» Records excerpted from a collection:

★ ★ ★ ★ ★ ★ ★

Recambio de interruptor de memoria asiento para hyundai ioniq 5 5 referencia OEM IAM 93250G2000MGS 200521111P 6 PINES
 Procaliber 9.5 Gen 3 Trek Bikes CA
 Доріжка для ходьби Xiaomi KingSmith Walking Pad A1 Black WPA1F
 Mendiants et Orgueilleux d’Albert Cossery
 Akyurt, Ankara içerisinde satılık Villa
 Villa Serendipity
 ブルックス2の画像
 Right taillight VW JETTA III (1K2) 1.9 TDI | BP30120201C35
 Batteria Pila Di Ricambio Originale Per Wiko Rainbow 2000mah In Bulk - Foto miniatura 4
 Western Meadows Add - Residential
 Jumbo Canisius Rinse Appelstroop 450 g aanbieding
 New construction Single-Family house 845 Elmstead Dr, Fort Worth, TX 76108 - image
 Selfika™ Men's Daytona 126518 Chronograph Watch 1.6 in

★ ★ ★ ★ ★ ★ ★

» Task directions: Restate each line of the records above without any deviation.

» Task answer:
Recambio de interruptor de memoria asiento para hyundai ioniq 5 5 referencia OEM IAM 93250G2000MGS 200521111P 6 PINES
 Procaliber 9.5 Gen 3 Trek Bikes CA
 Доріжка для ходьби Xiaomi KingSmith Walking Pad A1 Black WPA1F
 Mendiants et Orgueilleux d’Albert Cossery
 Akyurt, Ankara içerisinde satılık Villa
 Villa Serendipity
 ブルックス2の画像
 Right taillight VW JETTA III (1K2) 1.9 TDI | BP30120201C35
 Batteria Pila Di Ricambio Originale Per Wiko Rainbow 2000mah In Bulk - Foto miniatura 4
 Western Meadows Add - Residential
 Jumbo Canisius Rinse Appelstroop 450 g aanbieding
 New construction Single-Family house 845 Elmstead Dr, Fort Worth, TX 76108 - image
 Selfika™ Men's Daytona 126518 Chronograph Watch 1.6 in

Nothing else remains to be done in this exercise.